How a bank run could force Greece out of the euro
Let’s say you were an ordinary person living in Greece and had a stash of euros deposited in your local bank. You’ve been watching all the political chaos unfold on TV and listening to chatter about how Greece might have to exit the euro altogether. What would you do?
Why, you’d take your euros out of your local Greek bank and put them someplace safe — say, in a German bank. No sense risking the prospect that the Greek government could leave the euro zone and replace all your hard-earned money with some less-valuable drachmas.
And that’s exactly what a lot of Greeks have been doing these past two years, withdrawing about €2 to €3 billion worth of euros from the country each month. Lately, though, these withdrawals have been accelerating. A lot. On Monday, Greek depositors took out some €700 million in a single day, sending their euros elsewhere for safekeeping. It’s a smart move by those individuals. The problem, though, is that if everyone in Greece does this, it could inadvertently get Greece kicked out of the euro.
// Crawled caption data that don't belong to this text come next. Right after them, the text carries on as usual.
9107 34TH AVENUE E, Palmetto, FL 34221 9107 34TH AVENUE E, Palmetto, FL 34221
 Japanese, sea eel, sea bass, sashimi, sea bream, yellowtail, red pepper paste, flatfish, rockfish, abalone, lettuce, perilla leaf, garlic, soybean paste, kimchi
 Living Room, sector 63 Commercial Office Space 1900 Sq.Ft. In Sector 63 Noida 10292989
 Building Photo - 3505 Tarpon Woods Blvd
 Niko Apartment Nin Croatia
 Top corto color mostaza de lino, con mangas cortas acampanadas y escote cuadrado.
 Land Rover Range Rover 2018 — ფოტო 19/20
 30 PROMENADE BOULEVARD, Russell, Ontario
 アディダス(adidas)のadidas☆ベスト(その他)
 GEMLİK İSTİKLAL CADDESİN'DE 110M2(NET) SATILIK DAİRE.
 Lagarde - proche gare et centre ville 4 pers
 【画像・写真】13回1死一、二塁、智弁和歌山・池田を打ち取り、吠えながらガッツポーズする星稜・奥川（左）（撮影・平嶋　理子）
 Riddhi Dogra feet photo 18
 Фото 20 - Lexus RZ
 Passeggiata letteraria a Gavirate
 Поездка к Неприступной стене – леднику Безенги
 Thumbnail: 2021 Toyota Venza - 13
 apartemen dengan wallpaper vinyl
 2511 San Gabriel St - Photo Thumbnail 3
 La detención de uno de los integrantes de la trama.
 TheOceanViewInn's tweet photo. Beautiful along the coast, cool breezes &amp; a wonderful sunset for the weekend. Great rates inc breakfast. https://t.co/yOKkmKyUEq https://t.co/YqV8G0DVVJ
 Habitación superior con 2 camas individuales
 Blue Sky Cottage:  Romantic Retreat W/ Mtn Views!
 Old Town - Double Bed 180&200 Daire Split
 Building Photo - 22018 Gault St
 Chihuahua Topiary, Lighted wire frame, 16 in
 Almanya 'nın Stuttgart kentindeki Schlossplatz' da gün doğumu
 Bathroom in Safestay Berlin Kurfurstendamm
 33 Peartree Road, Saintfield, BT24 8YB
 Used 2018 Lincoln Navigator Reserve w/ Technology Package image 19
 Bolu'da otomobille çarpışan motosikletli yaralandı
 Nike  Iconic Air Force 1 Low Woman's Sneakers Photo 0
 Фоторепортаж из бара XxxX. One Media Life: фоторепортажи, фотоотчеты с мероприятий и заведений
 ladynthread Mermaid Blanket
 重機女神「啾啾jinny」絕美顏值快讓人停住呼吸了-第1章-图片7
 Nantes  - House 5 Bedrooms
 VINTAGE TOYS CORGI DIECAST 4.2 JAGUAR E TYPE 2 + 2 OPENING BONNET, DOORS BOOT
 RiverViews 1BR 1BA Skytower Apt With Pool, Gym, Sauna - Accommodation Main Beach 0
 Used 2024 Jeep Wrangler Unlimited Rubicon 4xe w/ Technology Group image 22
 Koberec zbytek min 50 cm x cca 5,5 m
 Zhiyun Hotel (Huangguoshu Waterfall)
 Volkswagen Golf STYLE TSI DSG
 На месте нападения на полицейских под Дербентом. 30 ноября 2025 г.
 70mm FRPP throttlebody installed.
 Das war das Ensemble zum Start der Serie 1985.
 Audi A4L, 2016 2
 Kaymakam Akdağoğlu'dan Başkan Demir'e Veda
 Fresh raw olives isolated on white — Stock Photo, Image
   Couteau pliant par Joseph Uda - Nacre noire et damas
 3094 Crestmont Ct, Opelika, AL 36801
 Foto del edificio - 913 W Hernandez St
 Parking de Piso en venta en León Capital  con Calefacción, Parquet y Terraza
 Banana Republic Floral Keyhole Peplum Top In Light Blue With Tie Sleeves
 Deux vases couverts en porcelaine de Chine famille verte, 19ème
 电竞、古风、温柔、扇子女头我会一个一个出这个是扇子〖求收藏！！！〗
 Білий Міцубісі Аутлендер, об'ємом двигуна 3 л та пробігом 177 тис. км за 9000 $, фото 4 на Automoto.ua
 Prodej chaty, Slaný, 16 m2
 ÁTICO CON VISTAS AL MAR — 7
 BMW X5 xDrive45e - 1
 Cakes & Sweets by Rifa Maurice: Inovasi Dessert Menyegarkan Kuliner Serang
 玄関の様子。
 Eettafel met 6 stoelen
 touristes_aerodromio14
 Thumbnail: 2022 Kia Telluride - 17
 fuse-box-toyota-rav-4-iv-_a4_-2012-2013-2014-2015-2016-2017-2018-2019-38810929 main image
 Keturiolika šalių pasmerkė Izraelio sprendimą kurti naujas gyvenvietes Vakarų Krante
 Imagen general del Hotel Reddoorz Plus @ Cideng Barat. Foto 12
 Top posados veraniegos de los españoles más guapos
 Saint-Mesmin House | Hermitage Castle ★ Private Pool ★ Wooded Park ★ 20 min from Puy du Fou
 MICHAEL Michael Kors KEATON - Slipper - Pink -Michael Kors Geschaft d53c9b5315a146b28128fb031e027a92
After all, someone needs to replace the lost euros in those Greek banks. Otherwise the banks can’t keep functioning. Recently, Greece’s central bank has stepped in and provided banks with emergency loans — some €60 billion all told. But there are limits to how much aid the central bank can offer (the rules, explained here , have to do with collateral). In theory, the Bank of Greece could get permission from the European Central Bank to inject even more euros into the banking system. But at some point the ECB may just decide it’s not worth pouring endless cash into rickety banks in an unstable country.
In the meantime, the Greek government can’t get its hands on enough euros, either. Many of its attempts to raise revenue are failing. For instance, as the Financial Times’ Masa Serdarevic reports, the government recently tried to force people to pay property taxes by folding them in with electricity bills. In response, Greeks simply stopped paying their electricity bills.
So at a certain point, the Greek banks and government could face a situation in which they no longer have enough euros for their day-to-day operations. ATMs could no longer dispense euro notes. Civil servants and pensions would have to be paid in IOUs. Intense pressure would grow on the government to introduce a brand-new currency — to bring back the drachma, say.
At that point, the country would have no choice but to leave the euro. “Exit, in other words, becomes a fait accompli,” writes Ryan Avent. “The debate over whether or not Greece ought to leave then becomes moot.”
Now, Greece hasn’t reached this stage quite yet. For one, most Greek people (for whatever reason) aren’t taking all of their euros out of Greek banks — about 75 percent of deposits still remain, or about €160 billion. It’s more of a “bank jog” than a bank run. And it’s still an open question whether the European Central Bank will pull the plug on Greece or whether European technocrats will, instead, do everything they can to hold the euro zone together.
But that’s how a bank panic in Greece could become self-sustaining. As Paul Mason puts it, the fate of the euro may now rest in the hands of Greece’s bank customers.